■ How to complete this task ■
In the listing below, find the line containing "Day-9 - The" and the line containing "a swimming pool". Repeat exactly those two lines and every line between them.

■ Supplied records ■
=====

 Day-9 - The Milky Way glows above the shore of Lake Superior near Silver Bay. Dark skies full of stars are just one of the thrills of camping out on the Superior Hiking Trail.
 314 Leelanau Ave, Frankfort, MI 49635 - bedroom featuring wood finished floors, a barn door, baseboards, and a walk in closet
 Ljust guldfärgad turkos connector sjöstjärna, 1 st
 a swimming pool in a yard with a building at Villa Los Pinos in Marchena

=====

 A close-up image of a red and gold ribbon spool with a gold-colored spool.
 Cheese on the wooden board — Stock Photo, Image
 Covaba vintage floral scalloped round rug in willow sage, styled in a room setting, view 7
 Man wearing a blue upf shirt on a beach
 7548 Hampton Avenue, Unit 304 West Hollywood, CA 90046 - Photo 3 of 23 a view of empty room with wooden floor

=====

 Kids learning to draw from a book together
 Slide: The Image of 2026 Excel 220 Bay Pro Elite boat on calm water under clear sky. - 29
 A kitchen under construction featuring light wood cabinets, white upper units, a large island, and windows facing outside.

=====

■ Written solution ■
 Day-9 - The Milky Way glows above the shore of Lake Superior near Silver Bay. Dark skies full of stars are just one of the thrills of camping out on the Superior Hiking Trail.
 314 Leelanau Ave, Frankfort, MI 49635 - bedroom featuring wood finished floors, a barn door, baseboards, and a walk in closet
 Ljust guldfärgad turkos connector sjöstjärna, 1 st
 a swimming pool in a yard with a building at Villa Los Pinos in Marchena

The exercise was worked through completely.